■ **Assignment**
Required from the data below: the exact lines starting at the line containing "Sea shell black" and ending at the line containing "Étiquettes-cadeau Père Noël", with both ends kept and all pictures dropped.

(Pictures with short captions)

○ ○ ○ ○ ○

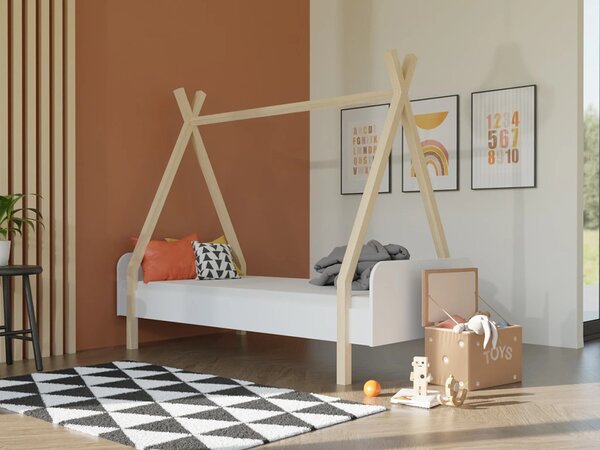 Dětské domečkové jednolůžko MODULAR ve tvaru teepee 90x200 cm, Zvolte variantu: Bez čela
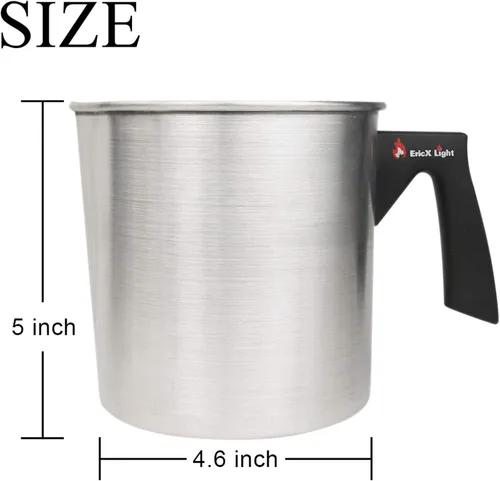 Miniatura 2 de EricX Light - Olla para hacer velas, 2 libras, olla de cera de doble caldera, boquilla de verter sin goteo y mango resistente al calor, diseño
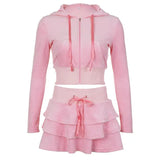 Aesthetic Skirt & Hoodie Two Piece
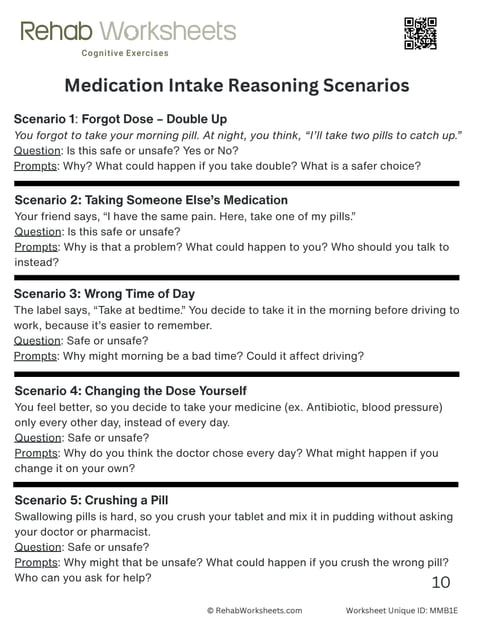 Medication management worksheet 5: Reasoning scenarios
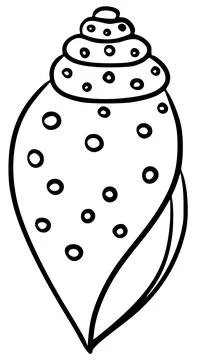 Sea shell black silhouette vector icon beach graphic element. Stock Illustration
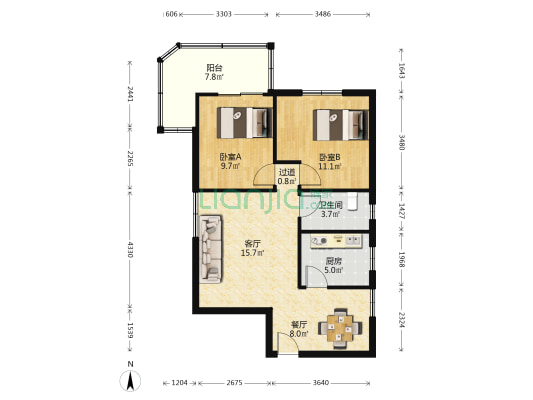 长铁高层 2室2厅1卫 72平方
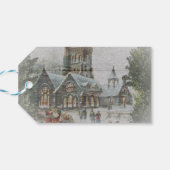 Étiquettes-cadeau Père Noël ancienne avec enfants devant une église (Dos Horizontal)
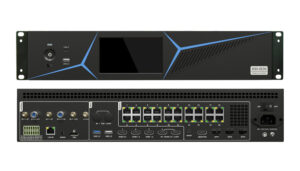 Rack-mount HD‑H20 video controller with a central touchscreen on the front panel and blue geometric accents in a dark chassis, 1U form factor.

○ ○ ○ ○ ○

■ **Exercise result**
 Sea shell black silhouette vector icon beach graphic element. Stock Illustration
 长铁高层 2室2厅1卫 72平方
 Étiquettes-cadeau Père Noël ancienne avec enfants devant une église (Dos Horizontal)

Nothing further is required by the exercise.